The material in question is on p.114, and discusses the sections arising from the content, which are delimited by larger letters and gaps in the text. The divisions, especially in the latter part of the manuscript, are marked by a new line and a disengaged letter in the margin. But in some cases there is a large letter in the margin, for no obvious reason. Dziatzko speculates that this is the remains of a paragraphos signalled in the ancestor copy.
Footnote 1 adds:
Hier wie sonst noch öfter steht am Ende der vorausgehenden, nicht vollen Zeile, überdies die Koronis. — Uebrigens sind, was nicht zu verwundem ist, manche Abschnitte an Stellen angesetzt, die man anders und auch besser auswählen könnte.
Here, as elsewhere more often, we find the Koronis, at the end of the previous line, not the whole line, moreover. – By the way, unsurprisingly, some divisions are in places where different and better ones could have been chosen.
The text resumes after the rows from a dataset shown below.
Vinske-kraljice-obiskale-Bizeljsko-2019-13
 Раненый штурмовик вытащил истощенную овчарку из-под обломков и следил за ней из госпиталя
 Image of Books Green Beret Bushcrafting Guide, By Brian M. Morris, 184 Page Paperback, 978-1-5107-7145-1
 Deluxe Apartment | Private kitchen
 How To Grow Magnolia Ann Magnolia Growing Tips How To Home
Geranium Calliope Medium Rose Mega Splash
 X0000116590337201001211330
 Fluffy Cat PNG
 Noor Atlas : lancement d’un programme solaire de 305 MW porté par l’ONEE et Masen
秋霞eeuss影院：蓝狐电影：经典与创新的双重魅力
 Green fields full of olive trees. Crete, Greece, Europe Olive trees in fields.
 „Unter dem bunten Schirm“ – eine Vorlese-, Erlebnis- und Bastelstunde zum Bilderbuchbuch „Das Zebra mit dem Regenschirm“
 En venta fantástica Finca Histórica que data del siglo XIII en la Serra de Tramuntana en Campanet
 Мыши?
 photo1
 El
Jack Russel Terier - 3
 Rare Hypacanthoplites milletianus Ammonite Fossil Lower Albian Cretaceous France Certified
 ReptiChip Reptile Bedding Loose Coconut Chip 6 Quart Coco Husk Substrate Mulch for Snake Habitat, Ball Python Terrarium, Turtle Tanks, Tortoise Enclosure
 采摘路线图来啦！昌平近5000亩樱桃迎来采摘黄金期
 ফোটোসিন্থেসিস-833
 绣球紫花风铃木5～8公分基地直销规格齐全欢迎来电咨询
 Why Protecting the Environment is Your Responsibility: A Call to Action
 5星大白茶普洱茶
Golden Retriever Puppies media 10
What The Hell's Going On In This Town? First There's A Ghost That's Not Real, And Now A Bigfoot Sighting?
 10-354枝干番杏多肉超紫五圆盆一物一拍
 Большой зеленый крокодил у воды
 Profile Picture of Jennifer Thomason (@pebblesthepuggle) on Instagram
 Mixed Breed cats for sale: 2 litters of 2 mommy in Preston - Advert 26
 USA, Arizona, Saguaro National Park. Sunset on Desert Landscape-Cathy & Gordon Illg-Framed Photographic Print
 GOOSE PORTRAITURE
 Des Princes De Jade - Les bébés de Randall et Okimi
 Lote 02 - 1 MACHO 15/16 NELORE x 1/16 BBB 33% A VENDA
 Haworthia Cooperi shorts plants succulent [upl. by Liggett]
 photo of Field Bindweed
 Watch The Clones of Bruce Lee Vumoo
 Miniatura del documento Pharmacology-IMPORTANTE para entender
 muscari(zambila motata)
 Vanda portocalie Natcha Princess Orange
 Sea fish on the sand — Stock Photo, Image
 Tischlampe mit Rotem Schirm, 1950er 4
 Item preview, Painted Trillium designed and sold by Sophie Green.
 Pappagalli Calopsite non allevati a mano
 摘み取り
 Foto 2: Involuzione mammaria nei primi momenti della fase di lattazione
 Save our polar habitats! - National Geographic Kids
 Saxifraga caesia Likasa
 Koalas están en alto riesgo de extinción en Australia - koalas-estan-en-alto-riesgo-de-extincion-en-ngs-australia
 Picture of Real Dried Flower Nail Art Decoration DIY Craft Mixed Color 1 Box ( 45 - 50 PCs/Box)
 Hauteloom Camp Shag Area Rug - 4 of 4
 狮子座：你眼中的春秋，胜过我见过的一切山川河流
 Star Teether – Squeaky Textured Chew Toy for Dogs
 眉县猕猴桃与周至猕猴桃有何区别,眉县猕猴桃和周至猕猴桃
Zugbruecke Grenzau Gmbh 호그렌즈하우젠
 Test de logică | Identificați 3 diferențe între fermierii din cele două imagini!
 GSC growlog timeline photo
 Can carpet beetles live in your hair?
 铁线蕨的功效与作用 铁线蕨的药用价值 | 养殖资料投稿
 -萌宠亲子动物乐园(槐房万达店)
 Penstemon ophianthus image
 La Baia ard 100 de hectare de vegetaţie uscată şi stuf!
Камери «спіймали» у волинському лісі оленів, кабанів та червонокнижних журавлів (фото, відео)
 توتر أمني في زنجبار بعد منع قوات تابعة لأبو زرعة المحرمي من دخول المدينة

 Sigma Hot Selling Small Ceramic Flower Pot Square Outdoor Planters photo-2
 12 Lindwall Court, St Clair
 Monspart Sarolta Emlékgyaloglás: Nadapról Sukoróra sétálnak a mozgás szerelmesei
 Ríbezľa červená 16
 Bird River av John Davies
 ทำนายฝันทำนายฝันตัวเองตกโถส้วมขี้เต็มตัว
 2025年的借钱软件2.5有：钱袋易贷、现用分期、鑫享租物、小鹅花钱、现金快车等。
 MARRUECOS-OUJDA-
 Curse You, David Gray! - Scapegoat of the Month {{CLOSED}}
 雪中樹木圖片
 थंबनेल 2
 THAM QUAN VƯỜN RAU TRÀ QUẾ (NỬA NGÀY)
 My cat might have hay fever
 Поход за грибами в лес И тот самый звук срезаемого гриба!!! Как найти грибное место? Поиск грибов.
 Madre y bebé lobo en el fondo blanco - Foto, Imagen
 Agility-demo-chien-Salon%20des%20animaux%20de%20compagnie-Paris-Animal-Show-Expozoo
I could see no mention in all this, however, of numerals in the margin, indicating that the sections were numbered and perhaps connected with the author’s table of contents in book 1.
The book is an interesting one, tho, and deserves to be better known. I only wish my German was better!
UPDATE: I was wondering where “Kämthen” might be. A google search leaves me still in the dark. Might it be “Kempten” in Bavaria? But if so, where is this St. Paul monastery?
UPDATE2: But it turns out — thanks to JS in the comments — that I simply had an OCR error, and it is really Kärnthen, or Kärnten as it is today!
There is a Benedictine monastery, St Paul, in Kärnten Austria.
Also known as St Paul’s Abbey in Lavanttal – its website is here.
Might this be the St Paul you are looking for?
I don’t know, I have to say. Maybe!
I just popped in again and thought I’d give your question another try (once I decide to chase up a ‘puzzle’ I like to see if I can solve it) with a bit of obtuse googling as I call it.
I think your St Pauls in Kämthen is definitely the St Pauls monastery in Kärnten.
The province (?) Kärnten was also spelt Kärnthen and if you look up old books in German you will see how often the typesetting/printing would make Kärnthen look like Kämthen (I found examples Kärnthen transcribed as Kämthen in .txt files in Archive.org)
I’ll spare you the details of history about the province that I came across in the process which was also a bit of fun to decipher.
You are right — it *is* Kärnthen. In fact that is what Dziatzko wrote. I have just gone back to the Google books page images and rechecked.
And you were right to suspect OCR error. OCR often treats ‘m’ as ‘rn’, it is true. And when I was translating that stuff from Dziatzko, I started by copying what the OCR’d German text — I was in a hurry — and I never noticed.
It is certainly true that, as German changed during the 19th century, “th” often became “t”. The most frequent example I see is “Theil” becoming “Teil”. Likewise ‘C’ became ‘K’. So I would expect Kämthen to be called Kämten today, and this is why I wondered about Kempten.
So today it would therefore be called Kärnten.
Thank you so much for this!
Note: the websites seem to be for the town. Any idea if there is one for the monastery? It is the whereabouts of the manuscript that is interesting.
Glad to have been of help. Yes I thought I posted the monastery link above but got it wrong.
It is http://www.stift-stpaul.at/.
(Also has it’s own Wikipedia page)
Oops, did I really type it’s? My least favourite typo!
It’s OK 🙂
Yes, that must be it. And it looks as if still has its mss.!
It would probably be possible to go and photograph there, I suspect.